Not mentioned at Monday’s meeting but always on my mind is a third infrastructure solution: overpasses. A couple of pedestrian overpasses, perhaps one right at the high school at Mel Ros Drive and another to the west, either at Lawson or at the bike path crossing at the creek on Dakota, would make it safer for students and teachers to walk and bike to school and would reduce the number of cars clogging Melgaard twice a day.

There is a fourth solution that would alleviate some traffic concerns without laying any new concrete: carpools and buses.

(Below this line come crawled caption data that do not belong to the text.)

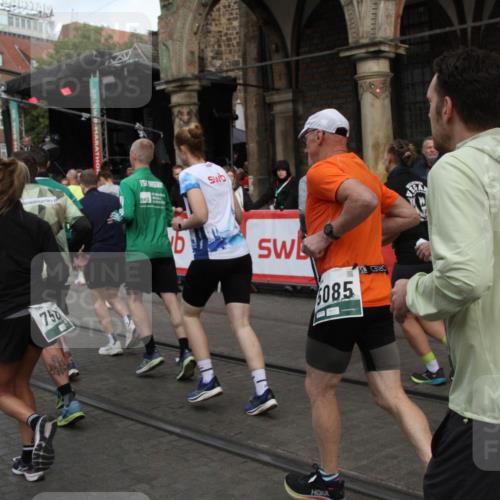 05.10.2025 - 20. swb-Marathon Bremen Yannick Fuchs http://msf.ph/oto/9319740 05.10.2025 11:38:28 Ziel  meine-sportfotos.de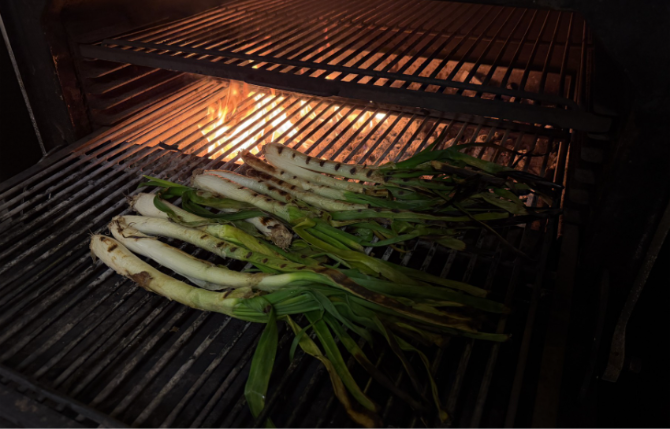 TIERRA BRAVA celebra la temporada de calçots con un menú tradicional
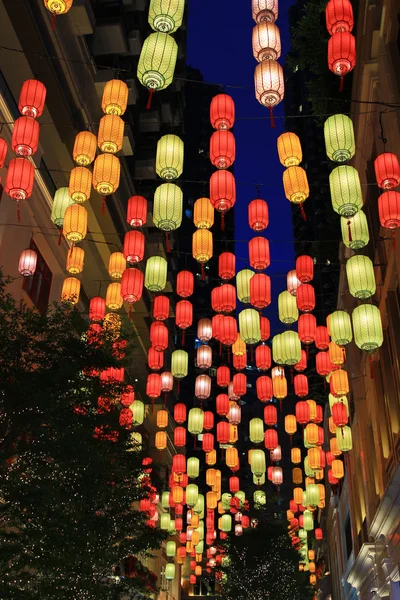 Китайские традиционные бумажные фонари в темноте — стоковое фото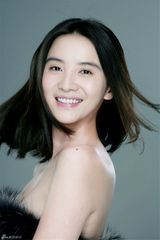 组图：小宋佳最新裸妆写真 肤若凝脂笑意盈盈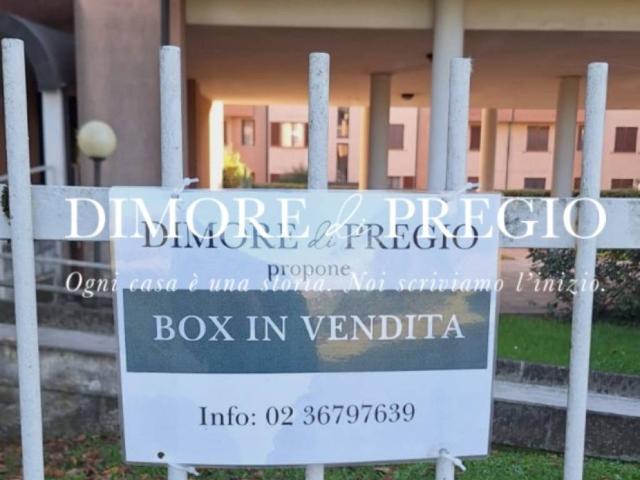 Box in vendita a Pessano Con Bornago, Lombardia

Changing South Dakotans’ mindset to embrace sharing a ride may be harder than busting up concrete, but we have to remember that if more people shared a ride, or if the school district would run a couple bus routes through town, or if the city would subsidize free bus service for kids from 7 to 8 a.m. and from 3 to 4 p.m., we could significantly reduce traffic along Melgaard during the peak hours.

The Aberdeen City Council took no action Monday, but the council members who spoke all appeared to agree with the easy observation of anyone who’s driven to Central in the morning that we need some kind of traffic control on Melgaard Road.

4 Comments

  1. Scott

    Another solution is better long range planning. Streets need to be planned and developers need to be required to build street networks so that developments like this would not be allowed until such time as major east west and north south collector streets are built so that traffic has alternatives to go multiple directions. There should be a east west street at the quarter line south of this development.

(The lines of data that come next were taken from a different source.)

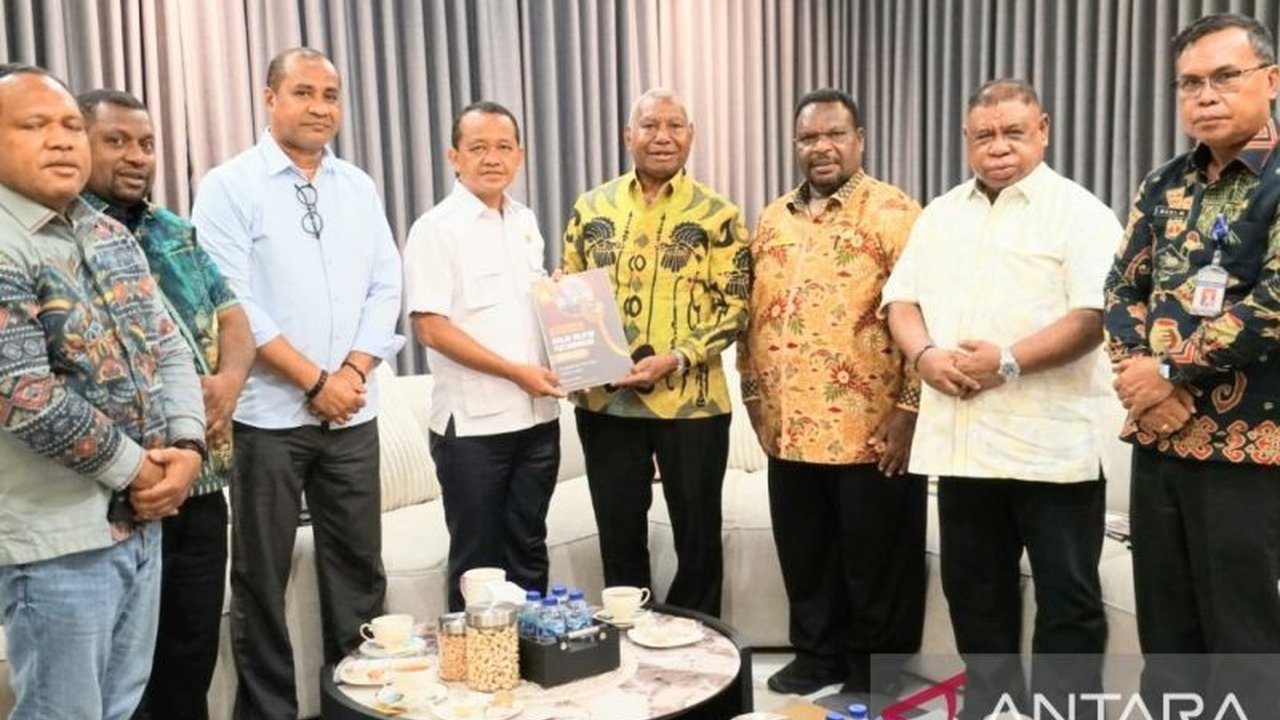 Gubernur Papua Barat Dominggus Mandacan bertemu Menteri ESDM membahas percepatan realisasi participating interest (PI) 10 persen dan alokasi gas daerah, sebuah langkah penting bagi perekonomian Papua Barat.
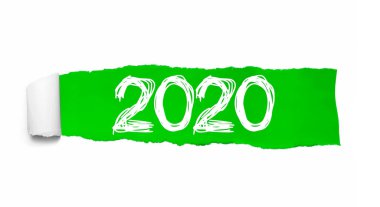 2020 Metin, yeşil yırtık kağıdın altında yazılmış. Noel zamanı. Yeni yıl kavramı
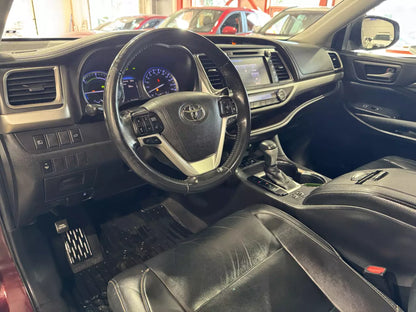 TOYOTA HIGHLANDER XLE 2019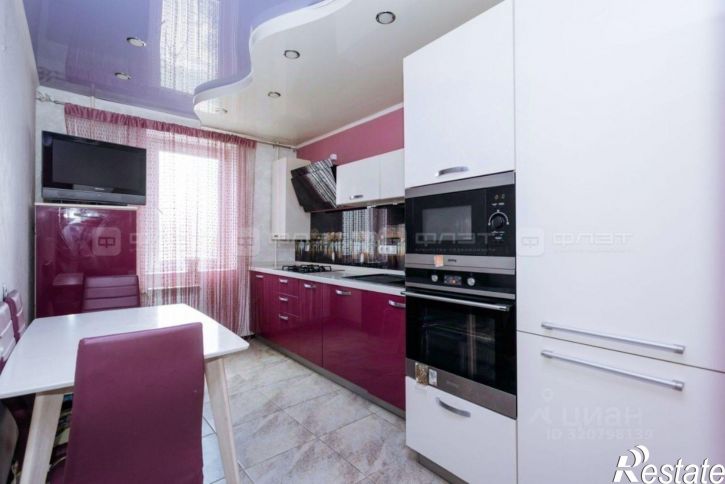 4-комн квартира улица Четаева, 25,  д. 25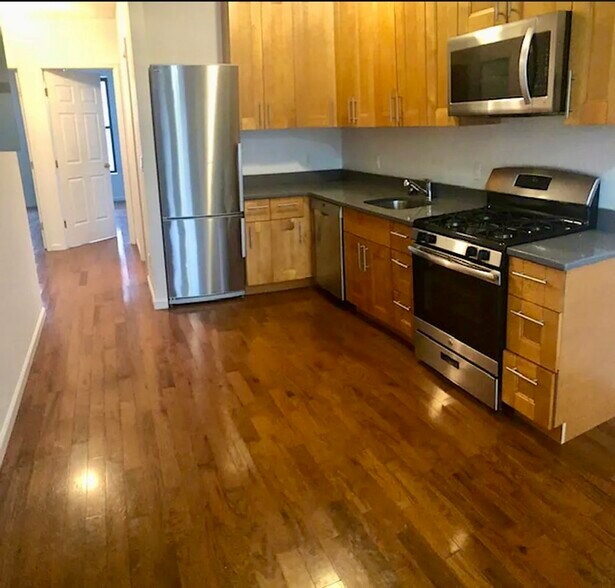 1537 Nostrand Ave, Brooklyn, NY à vendre - Photo du bâtiment - Image 3 de 7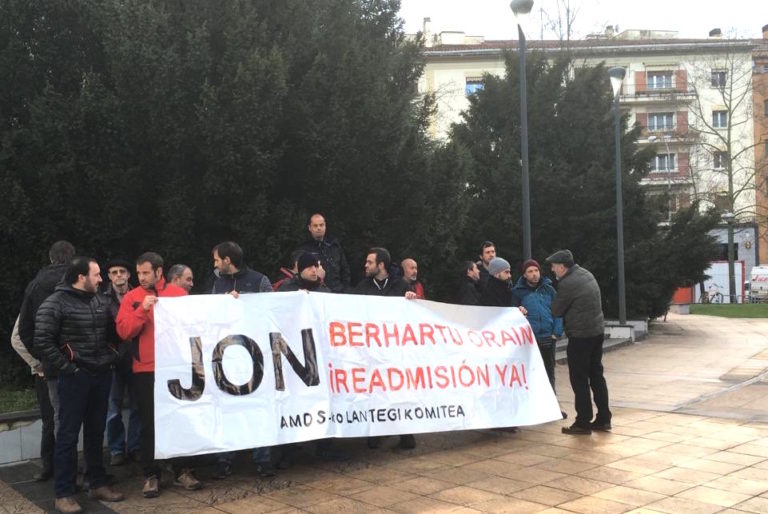 Trabajadores de Arcelor de Legasa piden la readmisión del compañero despedido ante el Departamento de Trabajo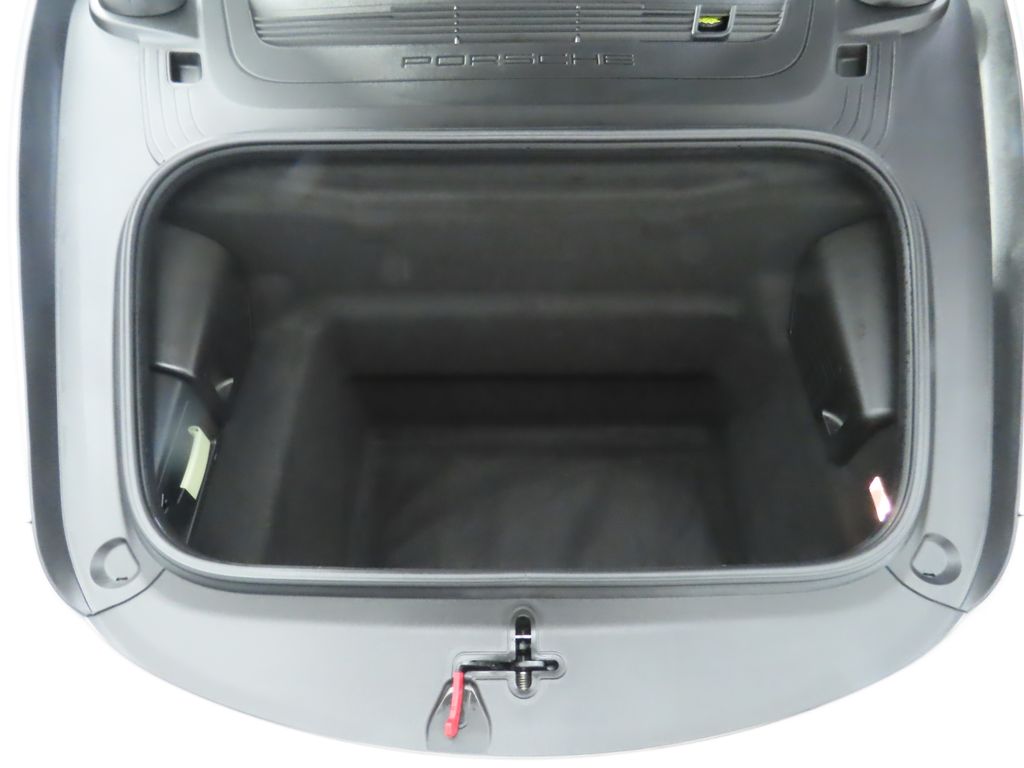 Thumbnail: 2018 Porsche 911 - 28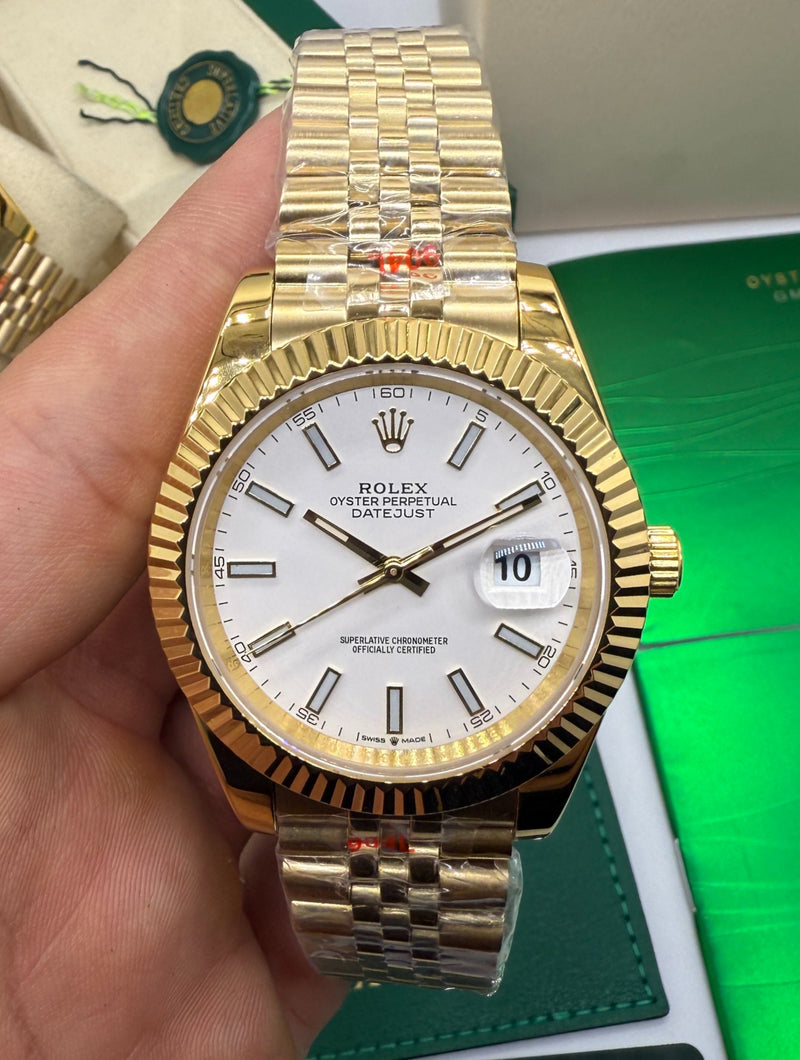 Rolex Date-Just 41mm Dourado, Mostrador Branco, Luneta Canelada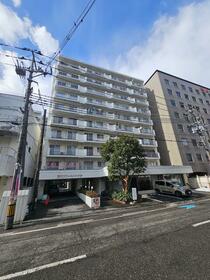 新潟県新潟市中央区万代1丁目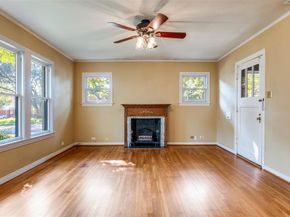 6931  Lindsley Avenue , Dallas Texas 75223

  2. Agreed. The school was sited with little thought to practical traffic flow. I know the whole idea was to build where there was space and get out of the crowded downtown area, but I’d love to see some comparisons of traffic counts and flow around the old Central location and the new one.

    When we moved here, I resisted buying or building a house south of Melgaard specifically because of this traffic problem.

  3. John

    Fifth solution: roundabouts. Worthington, MN has 3 on cross-traffic intersections of MN60.

    Scott’s too correct. City “planners” too often are developer facilitators vs looking out for the totality of community needs.

  4. Roundabouts! Thanks, John! I hadn’t thought about that. I wonder if there’s room to build a traffic circle at Lawson. The corner at Lloyd, at the east edge of Melgaard Park, would be an easy spot to build a roundabout.